Browser Support and Limitations
The Broadcast Channel API enjoys broad support in all modern browsers, including Chrome, Firefox, Edge, and Safari (since version 15.4). It is not available in Internet Explorer, but that browser is no longer supported by Microsoft.
There are a few important limitations to be aware of. First, the API is restricted to same-origin communication. If you need to communicate across different origins, you will need to use window.postMessage with a reference to the other window. Second, messages are not persisted. If a tab is not open when a message is broadcast, it will not receive the message later. The API is purely fire-and-forget. Third, there is no built-in way to know how many listeners are connected to a channel or to target a specific tab. Messages are always broadcast to all listeners.
Broadcast Channel vs. Other Cross-Tab Communication Methods
You might wonder how the Broadcast Channel API compares to other cross-tab communication approaches. The storage event on localStorage is one alternative. When one tab writes to localStorage, other tabs can detect the change via the storage event. However, this approach is limited to string data (you have to serialize and parse JSON manually), and it is really a side effect of storage, not a dedicated messaging system.

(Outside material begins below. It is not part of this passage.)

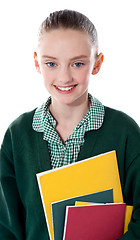 Image showing Close up of a smiling school girl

window.postMessage is another option, but it requires you to hold a reference to the target window (via window.open or window.opener). This makes it more suitable for parent-child window communication rather than broadcasting to an unknown number of tabs.

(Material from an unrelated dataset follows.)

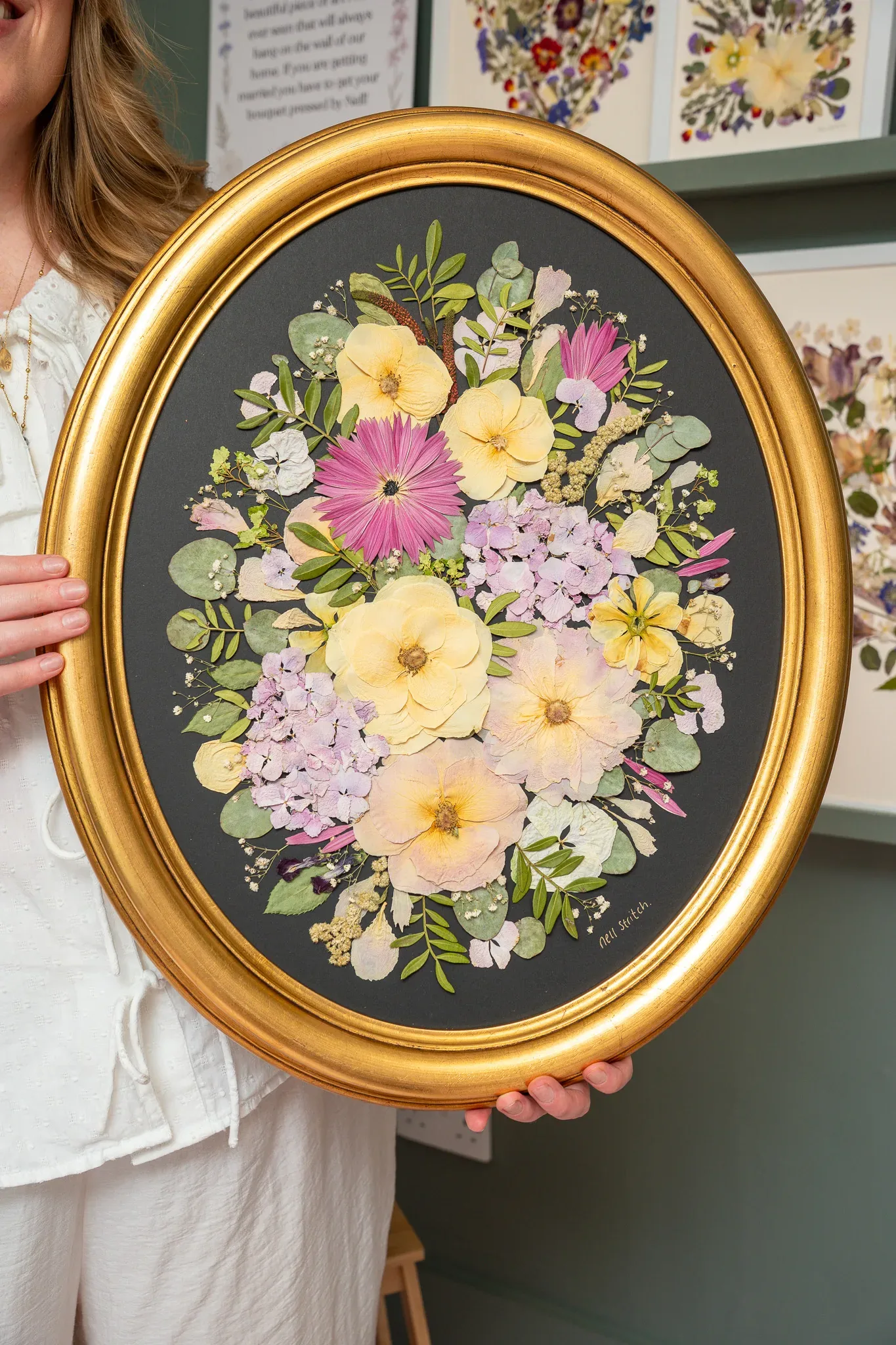Nell holding a pressed bouquet in a gold oval frame on a dark mount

SharedWorker is a more powerful option that allows multiple tabs to share a single background thread, but it is significantly more complex to set up and is not supported in all browsers consistently.
The Broadcast Channel API sits in a sweet spot: it is simple, purpose-built for broadcast communication, handles structured data natively, and requires virtually no boilerplate.
The Broadcast Channel API is one of those browser APIs that flies under the radar but solves a real problem elegantly. It lets you synchronize state, coordinate actions, and communicate between tabs all with a few lines of vanilla JavaScript. Whether you are building a multi-tab dashboard, synchronizing user preferences, or coordinating authentication state, this API gives you a clean, event-driven solution without the overhead of polling, server roundtrips, or complex workarounds.